Generally, this approach and the protocol it describes seem sound.
However, I have some concerns as detailed below.

One general question: I see you're using TXT here. I know this
is a hot button for the DNS people. If you haven't cleared this
with them, that might be good. If you have, then ignore this
comment.



TECHNICAL
S 3.

   Hosts can look up the ADSP information of the domain(s) specified by
   the Author Address(es) as described in Section 4.3.  If a message has
   multiple Author Addresses the ADSP lookups SHOULD be performed
   independently on each address.  This document does not address the
   process a host might use to combine the lookup results.

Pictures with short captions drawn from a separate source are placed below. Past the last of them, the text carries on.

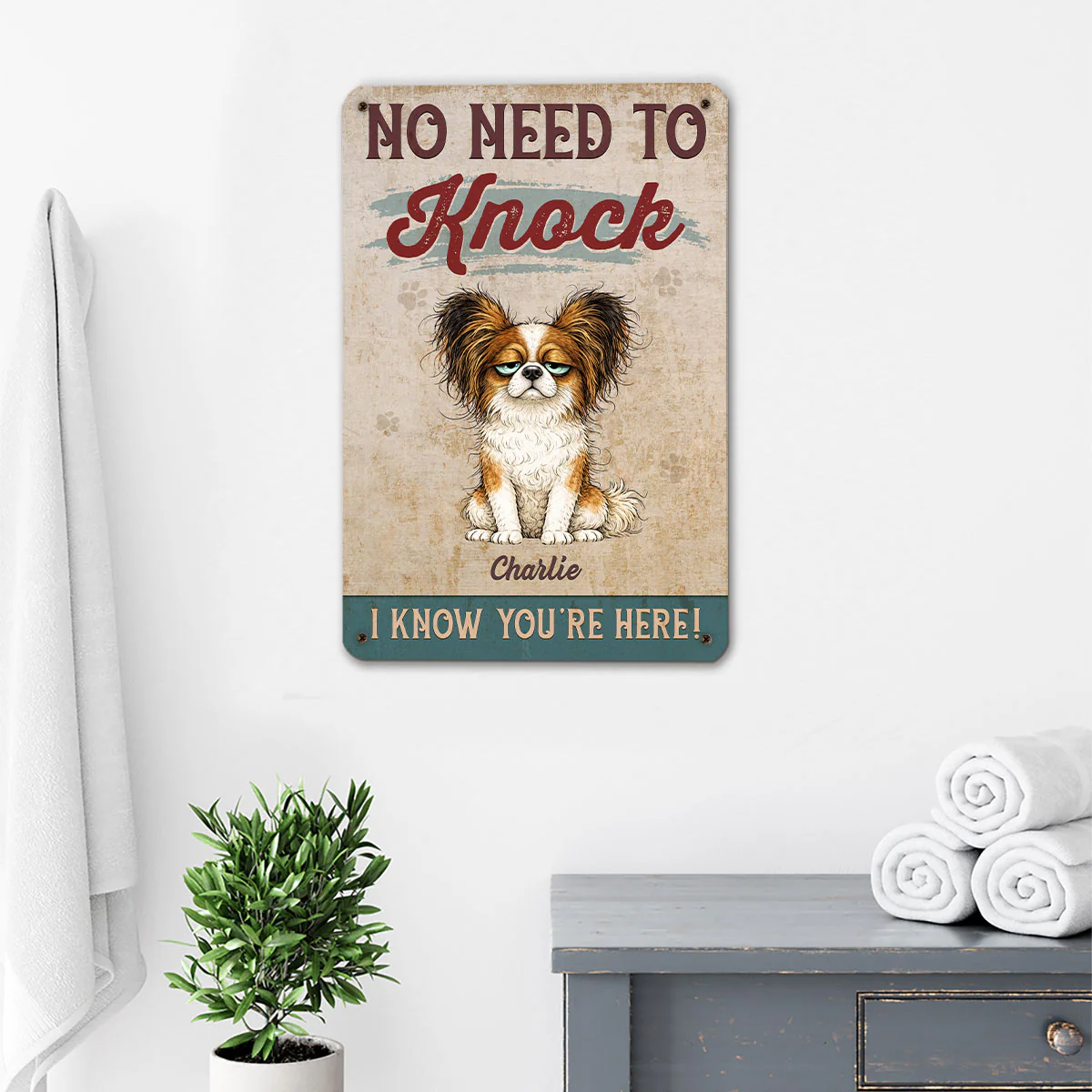 Knock Knock Dog Know You Here - Personalized Custom Metal Sign - Image 2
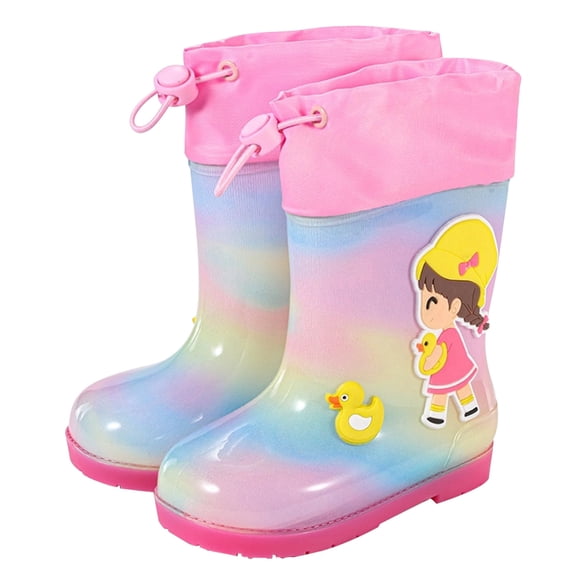 Rain Boots Girls Cartoon Rain Boots with Adjustable Drawstring Outdoor Waterproof Boots Girls Rain Boots Size 3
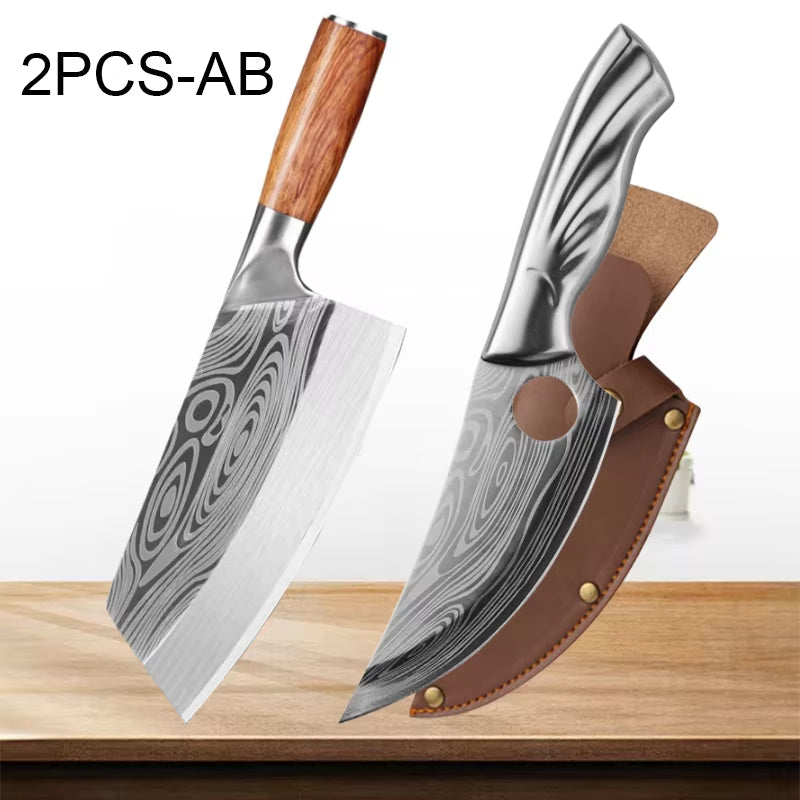 Professional Kitchen Knives Stainless Steel Forged Boning and Chopping Knife Sharp Meat Cleaver BBQ Cooking Tools Fruit Peeler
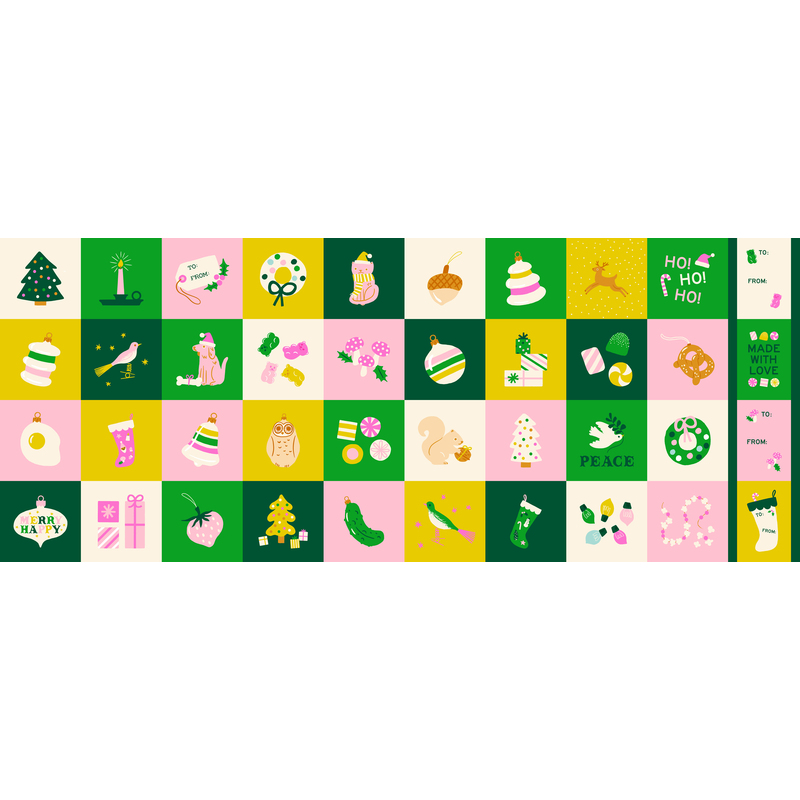 Color block squares filled with seasonal motifs like ornaments, animals, and sweets in hues of green, yellow, pink, and cream.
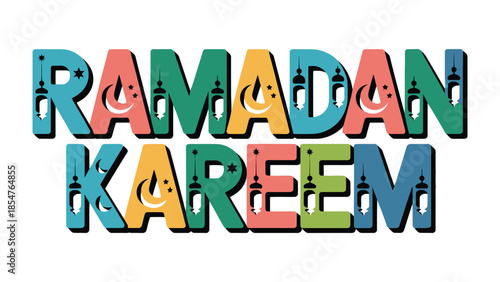 Ramadan Kareem: A vibrant and colorful design, celebrating the essence of the Islamic holy month, with crescent moons, lanterns, and a cheerful display.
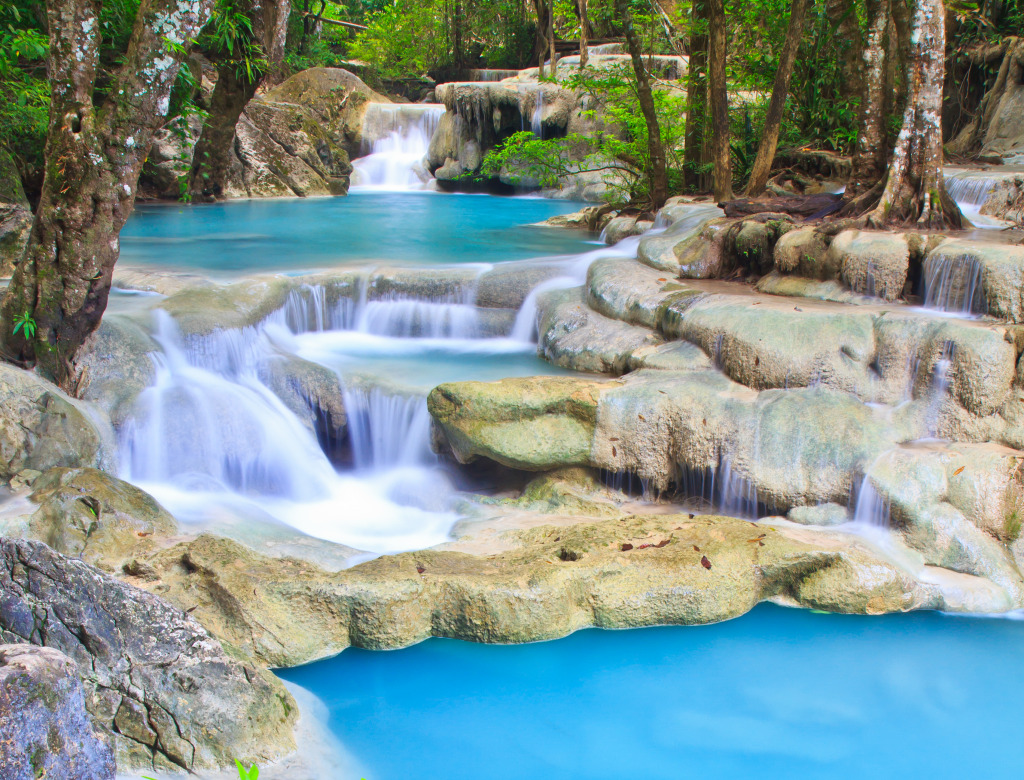 Erawan Waterfall, Thailand jigsaw puzzle in Waterfalls puzzles on TheJigsawPuzzles.com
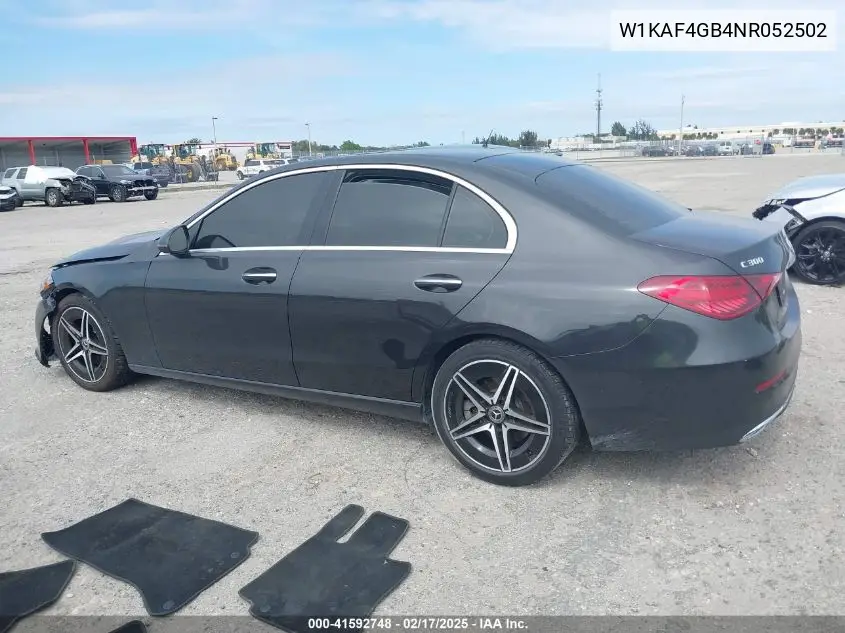 2022 Mercedes-Benz C 300 Sedan VIN: W1KAF4GB4NR052502 Lot: 41592748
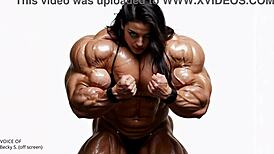Watch Natasha's muscles explode huge in pump factory growth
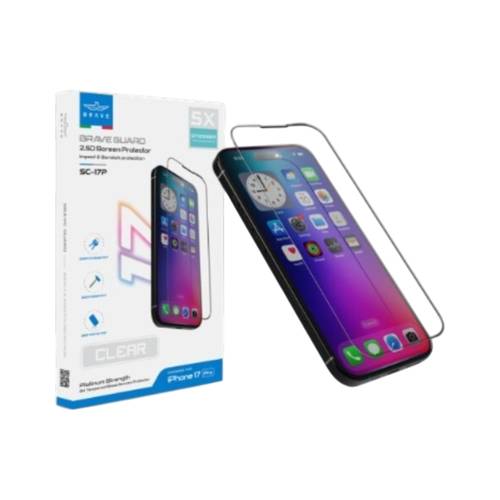 واقي شاشة Brave Platinum Strength لهاتف iPhone 17 Pro - شفاف SP-17M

I'd like to see some security analysis of why this is OK. Naively,
it seems like one might be able to get around ADSP using this feature.
I.e., I want to forge a message apparently from example.com, which
has "dkim-all". I generate a message with "From: ekr@xxxxxxxxxxx, ekr@xxxxxxxxxxx"
where I control example.org. I then serve a record for example.org 
indicating that I don't sign. If this is accepted, that seems 
potentially problematic.


S 4.3.
   Check Domain Scope:   An ADSP checker implementation MUST determine
      whether a given Author Domain is within scope for ADSP.  Given the
      background in Section 3.1 the checker MUST decide which degree of
      approximation is acceptable.  The checker MUST return an
      appropriate error result for Author Domains that are outside the
      scope of ADSP.

I don't really undersand how the second (and maybe third) MUSTs are
operationalizable. How would I not "decide"? I mean, I could
just ignore the issue and do exact match. Would that constitute
"deciding"? What would not "deciding"?

S 6.2.
   An attacker might attack the DNS infrastructure in an attempt to
   impersonate ADSP records to influence a receiver's decision on how it
   will handle mail.  However, such an attacker is more likely to attack
   at a higher level, e.g., redirecting A or MX record lookups in order
   to capture traffic that was legitimately intended for the target
   domain.  These DNS security issues are addressed by DNSSEC [RFC4033].

I don't understand why an attacker is more likely to redirect A or MX.
These are different attacks with different objectives. If I'm doing
phishing, then forgery seems more useful to the attacker.

In addition, to the extent to which the point of security
considerations is to give the reader an accurate picture of the
security of the system, I don't think this works that well, as due to
the very low deployment of DNSSEC, in practice these records are
easily forged.



EDITORIAL
S 2.7.

   For example, if a message has a Valid Signature, with the DKIM-
   Signature field containing "i=a@xxxxxxxxxxxxxx", then domain.example
   is asserting that it takes responsibility for the message.  If the
   message's From: field contains the address "b@xxxxxxxxxxxxxx" and an
   ADSP query produces a "dkim=all" or "dkim=discardable" result, that
   would mean that the message does not have a valid Author Signature.
   Even though the message is signed by the same domain, it fails to
   satisfy ADSP.

I think this example might benefit from a bit more explanation.
As I understand it, this signature is invalid per DKIM and so it needs
to be treated as unsigned, and that's where ADSP kicks in. But I
may have misunderstood, so some clarity here might help.


S 3.1.
   Note:   The results from DNS queries that are intended to validate a
      domain name unavoidably approximate the set of Author Domains that
      can appear in legitimate email.  For example, a DNS A record could
      belong to a device that does not even have an email
      implementation.  It is up to the checker to decide what degree of
      approximation is acceptable.

I don't really understand this graf. Can you rephrase?